Aja Gabel’s first novel, The Ensemble (352 pages; Riverhead), reminds me of why I first, long ago, might have fallen in love with reading. It’s immersive and sweeping, featuring ambitious professional musicians—Jana, Brit, Daniel, and Henry—who form a string quartet. Walter Pater posited that all art aspires to the condition of music; I don’t know if I agree (that “all” makes me nervous), but I’ve thought for years that there isn’t nearly enough writing about music, and musicians. (A few exceptions I love include Thomas Mann’s Doctor Faustus, James Baldwin’s “Sonny’s Blues,” Thomas Bernhard’s The Loser, and now The Ensemble.)
Gabel and I spoke over email about Baldwin, point of view, YouTube performances, and, of course, music.
ZYZZYVA: We’ve talked about our shared past lives as would-be professional musicians. Can you tell me about yours, and about what led to your leaving it behind?

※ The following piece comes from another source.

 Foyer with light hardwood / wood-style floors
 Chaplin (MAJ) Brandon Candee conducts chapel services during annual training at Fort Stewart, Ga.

AJA GABEL: “Leaving it behind” is the right phrase to use, but it’s something I had real trouble doing. I started playing violin when I was 5 and switched to the cello when I was 10. I played very intensely until I was about 22, until I finished college. I mostly played chamber music, but studied privately and performed solo as well. It became clearer earlier than that, though, that I wasn’t going to be the sort of conservatory-going, professional career-chasing musician I’d dreamed of being when I was younger. I don’t think I accepted that clarity for a while, though. I continued studying and playing anywhere and everywhere throughout my twenties. I didn’t really let it go—I mean really let it go—until I went to Provincetown to start writing this novel. That was the first time I didn’t take my cello with me when I moved. Not playing every day opened up this space in my brain, enough landscape for an entire novel about the pursuit of music to take hold. Unfortunately, that meant my skill level quickly dissipated. I can still play, but I wouldn’t do it publicly.